Isakson said he was “disgusted” by Trump’s remarks.

“As a husband, father of a daughter and grandfather to five granddaughters, I am disgusted by Trump’s comments. They are wholly inappropriate and unacceptable,” he said in a statement.

We’ve reached out to other state Republican leaders and members of the congressional delegation about Trump’s comments and have yet to hear back, at least publicly, from most of them. One told us privately it was clearly the “death knell” of Trump’s campaign.

Democratic Party of Georgia executive director Rebecca DeHart seized on the chance to criticize GOP officials for sticking by Trump.

“Where’s the leadership?” she said. “Why haven’t Senators Johnny Isakson and David Perdue and the rest of their Party condemned their candidate and immediately withdrawn their support?”

Many top Georgia GOP elected officials were torn over Trump’s rise long before the latest recorded revelation, but none had publicly disavowed him.

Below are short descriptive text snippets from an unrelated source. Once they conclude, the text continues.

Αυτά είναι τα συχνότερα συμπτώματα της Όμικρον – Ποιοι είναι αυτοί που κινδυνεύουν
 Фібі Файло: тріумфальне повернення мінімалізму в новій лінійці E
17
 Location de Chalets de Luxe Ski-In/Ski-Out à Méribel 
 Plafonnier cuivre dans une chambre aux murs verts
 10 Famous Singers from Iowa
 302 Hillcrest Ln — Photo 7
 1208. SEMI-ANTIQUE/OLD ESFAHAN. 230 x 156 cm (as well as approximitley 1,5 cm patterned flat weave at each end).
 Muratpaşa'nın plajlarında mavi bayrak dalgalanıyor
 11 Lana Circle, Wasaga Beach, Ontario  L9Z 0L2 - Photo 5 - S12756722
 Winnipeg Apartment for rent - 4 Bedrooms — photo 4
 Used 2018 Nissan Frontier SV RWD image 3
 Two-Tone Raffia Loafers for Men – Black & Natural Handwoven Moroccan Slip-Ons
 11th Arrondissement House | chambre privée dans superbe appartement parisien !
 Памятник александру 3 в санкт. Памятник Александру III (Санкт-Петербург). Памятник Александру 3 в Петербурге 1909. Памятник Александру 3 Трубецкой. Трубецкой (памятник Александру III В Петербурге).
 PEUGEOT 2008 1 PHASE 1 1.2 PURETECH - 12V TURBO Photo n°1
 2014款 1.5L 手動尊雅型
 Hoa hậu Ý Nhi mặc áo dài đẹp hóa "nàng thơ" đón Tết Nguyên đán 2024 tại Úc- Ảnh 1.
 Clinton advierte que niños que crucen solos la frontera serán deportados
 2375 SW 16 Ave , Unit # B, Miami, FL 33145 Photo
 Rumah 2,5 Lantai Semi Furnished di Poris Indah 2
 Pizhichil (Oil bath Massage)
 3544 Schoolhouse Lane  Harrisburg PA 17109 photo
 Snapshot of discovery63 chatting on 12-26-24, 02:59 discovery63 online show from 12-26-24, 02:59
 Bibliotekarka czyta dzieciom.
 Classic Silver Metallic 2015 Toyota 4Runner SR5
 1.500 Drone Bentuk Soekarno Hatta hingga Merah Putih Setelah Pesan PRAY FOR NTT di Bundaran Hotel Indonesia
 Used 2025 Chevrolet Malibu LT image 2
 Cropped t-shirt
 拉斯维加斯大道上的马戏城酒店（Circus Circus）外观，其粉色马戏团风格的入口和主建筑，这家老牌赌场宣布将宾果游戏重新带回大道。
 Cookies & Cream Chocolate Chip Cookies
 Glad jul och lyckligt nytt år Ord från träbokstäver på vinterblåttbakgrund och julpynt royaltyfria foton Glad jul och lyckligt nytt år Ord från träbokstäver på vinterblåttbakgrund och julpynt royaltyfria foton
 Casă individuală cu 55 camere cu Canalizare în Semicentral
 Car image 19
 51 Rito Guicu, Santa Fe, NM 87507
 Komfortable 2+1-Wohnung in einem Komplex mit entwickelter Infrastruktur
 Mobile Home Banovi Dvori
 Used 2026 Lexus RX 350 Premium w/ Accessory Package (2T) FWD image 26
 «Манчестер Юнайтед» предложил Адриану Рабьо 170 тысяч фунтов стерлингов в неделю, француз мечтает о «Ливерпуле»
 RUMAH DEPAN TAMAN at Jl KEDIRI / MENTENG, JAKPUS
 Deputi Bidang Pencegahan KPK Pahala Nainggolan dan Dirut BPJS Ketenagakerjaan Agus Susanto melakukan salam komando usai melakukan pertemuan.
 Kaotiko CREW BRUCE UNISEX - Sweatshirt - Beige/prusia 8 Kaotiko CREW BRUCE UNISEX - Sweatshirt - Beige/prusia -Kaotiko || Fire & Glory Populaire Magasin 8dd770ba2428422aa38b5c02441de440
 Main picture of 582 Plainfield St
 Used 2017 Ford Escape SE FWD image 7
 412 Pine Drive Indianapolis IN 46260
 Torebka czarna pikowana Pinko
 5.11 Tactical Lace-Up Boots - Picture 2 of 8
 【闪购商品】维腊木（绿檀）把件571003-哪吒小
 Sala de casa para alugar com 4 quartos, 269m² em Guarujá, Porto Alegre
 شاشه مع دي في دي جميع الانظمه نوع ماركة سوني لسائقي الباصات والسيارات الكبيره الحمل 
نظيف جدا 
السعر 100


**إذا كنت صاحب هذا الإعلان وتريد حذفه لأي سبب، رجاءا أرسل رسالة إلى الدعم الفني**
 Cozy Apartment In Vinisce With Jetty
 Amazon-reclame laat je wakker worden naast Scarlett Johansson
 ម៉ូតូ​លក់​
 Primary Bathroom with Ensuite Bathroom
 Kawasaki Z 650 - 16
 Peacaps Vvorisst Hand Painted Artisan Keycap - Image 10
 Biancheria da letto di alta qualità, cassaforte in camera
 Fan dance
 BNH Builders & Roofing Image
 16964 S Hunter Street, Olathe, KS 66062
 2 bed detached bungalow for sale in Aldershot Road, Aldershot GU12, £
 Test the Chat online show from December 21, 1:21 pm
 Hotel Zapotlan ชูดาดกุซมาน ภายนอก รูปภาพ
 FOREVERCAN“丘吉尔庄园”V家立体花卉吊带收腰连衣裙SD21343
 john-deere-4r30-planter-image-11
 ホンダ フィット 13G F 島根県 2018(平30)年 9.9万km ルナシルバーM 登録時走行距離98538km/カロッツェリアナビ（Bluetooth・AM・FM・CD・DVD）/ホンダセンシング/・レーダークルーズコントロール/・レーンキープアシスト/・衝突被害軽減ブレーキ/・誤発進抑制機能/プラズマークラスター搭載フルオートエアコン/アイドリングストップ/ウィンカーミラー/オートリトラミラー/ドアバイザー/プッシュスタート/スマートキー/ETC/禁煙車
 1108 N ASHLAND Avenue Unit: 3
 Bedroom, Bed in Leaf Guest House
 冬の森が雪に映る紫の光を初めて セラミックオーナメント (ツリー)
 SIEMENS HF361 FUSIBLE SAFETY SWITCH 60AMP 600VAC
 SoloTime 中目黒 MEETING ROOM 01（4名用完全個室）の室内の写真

Republican state Rep. Allen Peake, R-Macon, came closest with a manifesto warning that Trump-ian policies would lead to the extinction of the Republican Party. But even he said he would back Trump over Democrat Hillary Clinton over concerns about her judiciary appointments.

And Gov. Nathan Deal’s top aide, Chris Riley, said Trump’s comments were “vile” but he urged Georgians not to forget the hurricane swamping the state’s coast.

The revelation of the 2005 video of Trump was released by the Washington Post on Friday. And while many Republicans are publicly criticizing Trump’s actions, few have disavowed Trump himself. U.S. Rep. Martha Roby, R-Ala., is one of them.

For Trump, the scandal could hardly come at a worse time — two days before a crucial second debate with Hillary Clinton.

It is also stepping on the release by Wikileaks of a new trove of Clinton emails that depict a Clinton chummy with Wall Street and supportive of “open borders” across the hemisphere.